[Python-Dev] Re: [Csv] Example workaround classes for using Unicode with csv module...

Mon Mar 21 00:28:02 CET 2005

>I added UnicodeReader and UnicodeWriter example classes to the csv module
>docs just now.  They mention problems with ASCII NUL characters (which I
>vaguely remember - NUL-terminated strings are used internally, right?).  Do
>NULs still present a problem?  I saw nothing in the log messages that
>mentioned "ascii" or "nul" so I presume it is.

That's right - it still uses null terminated strings internally, and the
various special characters (quotechar, escapechar, etc) use null to mean
"not specified". Fixing this would cause much upheaval.
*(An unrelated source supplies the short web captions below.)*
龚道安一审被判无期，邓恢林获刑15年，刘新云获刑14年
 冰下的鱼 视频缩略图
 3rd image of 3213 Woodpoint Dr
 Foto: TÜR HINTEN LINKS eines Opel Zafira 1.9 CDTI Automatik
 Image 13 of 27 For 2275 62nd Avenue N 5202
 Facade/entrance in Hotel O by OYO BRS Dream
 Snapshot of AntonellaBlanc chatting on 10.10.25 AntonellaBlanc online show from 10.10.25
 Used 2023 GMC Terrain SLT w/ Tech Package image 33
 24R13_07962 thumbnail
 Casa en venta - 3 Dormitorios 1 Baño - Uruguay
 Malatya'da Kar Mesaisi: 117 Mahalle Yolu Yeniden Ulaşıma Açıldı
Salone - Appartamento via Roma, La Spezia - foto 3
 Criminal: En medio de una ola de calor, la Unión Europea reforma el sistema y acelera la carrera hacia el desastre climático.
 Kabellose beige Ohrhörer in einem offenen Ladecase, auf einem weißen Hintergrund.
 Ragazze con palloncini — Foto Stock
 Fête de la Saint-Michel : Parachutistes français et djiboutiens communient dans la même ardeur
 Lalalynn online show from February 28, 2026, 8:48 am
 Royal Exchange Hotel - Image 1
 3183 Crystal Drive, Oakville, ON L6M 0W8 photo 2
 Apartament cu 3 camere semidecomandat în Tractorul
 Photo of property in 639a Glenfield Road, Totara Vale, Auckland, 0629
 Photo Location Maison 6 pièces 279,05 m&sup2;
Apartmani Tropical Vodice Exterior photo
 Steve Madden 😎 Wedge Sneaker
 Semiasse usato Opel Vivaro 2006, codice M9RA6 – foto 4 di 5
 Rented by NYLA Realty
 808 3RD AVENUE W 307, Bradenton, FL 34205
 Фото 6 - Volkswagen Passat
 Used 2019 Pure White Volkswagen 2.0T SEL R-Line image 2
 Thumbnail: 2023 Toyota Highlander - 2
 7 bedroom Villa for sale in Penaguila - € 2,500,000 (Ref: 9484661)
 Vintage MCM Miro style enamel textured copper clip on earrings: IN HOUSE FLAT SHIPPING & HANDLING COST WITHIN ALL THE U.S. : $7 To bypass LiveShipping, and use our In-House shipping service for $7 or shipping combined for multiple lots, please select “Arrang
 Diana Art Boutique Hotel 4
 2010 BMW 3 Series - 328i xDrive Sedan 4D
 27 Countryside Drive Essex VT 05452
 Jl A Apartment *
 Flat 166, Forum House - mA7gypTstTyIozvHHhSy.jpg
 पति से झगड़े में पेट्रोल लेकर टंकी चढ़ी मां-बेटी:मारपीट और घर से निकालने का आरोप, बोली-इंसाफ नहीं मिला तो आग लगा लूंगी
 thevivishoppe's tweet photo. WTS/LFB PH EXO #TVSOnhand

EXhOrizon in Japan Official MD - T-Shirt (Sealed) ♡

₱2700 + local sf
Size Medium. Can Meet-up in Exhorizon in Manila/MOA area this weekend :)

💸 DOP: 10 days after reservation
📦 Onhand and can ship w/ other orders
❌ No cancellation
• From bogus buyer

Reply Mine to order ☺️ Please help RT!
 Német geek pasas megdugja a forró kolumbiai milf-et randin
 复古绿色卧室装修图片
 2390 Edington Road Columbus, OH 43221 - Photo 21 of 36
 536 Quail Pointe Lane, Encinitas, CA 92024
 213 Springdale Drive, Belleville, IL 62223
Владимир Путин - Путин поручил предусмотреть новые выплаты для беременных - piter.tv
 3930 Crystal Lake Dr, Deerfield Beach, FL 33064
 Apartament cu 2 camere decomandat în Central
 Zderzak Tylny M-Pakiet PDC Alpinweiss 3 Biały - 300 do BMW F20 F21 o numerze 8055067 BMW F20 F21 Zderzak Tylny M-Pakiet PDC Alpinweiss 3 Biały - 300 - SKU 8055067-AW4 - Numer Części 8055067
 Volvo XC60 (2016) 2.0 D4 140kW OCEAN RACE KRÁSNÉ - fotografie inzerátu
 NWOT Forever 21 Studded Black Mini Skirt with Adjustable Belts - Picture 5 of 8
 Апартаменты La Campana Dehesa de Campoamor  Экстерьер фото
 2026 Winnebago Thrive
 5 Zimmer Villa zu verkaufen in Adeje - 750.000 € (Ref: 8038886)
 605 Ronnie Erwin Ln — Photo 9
>Here's what I added.  Let me know if you think it needs any corrections,
>especially if there's a better way to word "as long as you avoid encodings
>like utf-16 that use NULs".  Can that just be "as long as you avoid
>multi-byte encodings other than utf-8"?  

I think only utf-8 provides the guarantees needed for this to work -
specifically, multi-byte characters need to have the high bit set
(otherwise a delimiter or other special character appearing within a
multi-byte character would upset the parsing), while at the same time
having single byte characters for the characters with special meaning
to the parser: note also that none of the special characters (quotechar,
delimiter, escapechar, etc) can be a multi-byte sequence.

-- 
Andrew McNamara, Senior Developer, Object Craft
http://www.object-craft.com.au/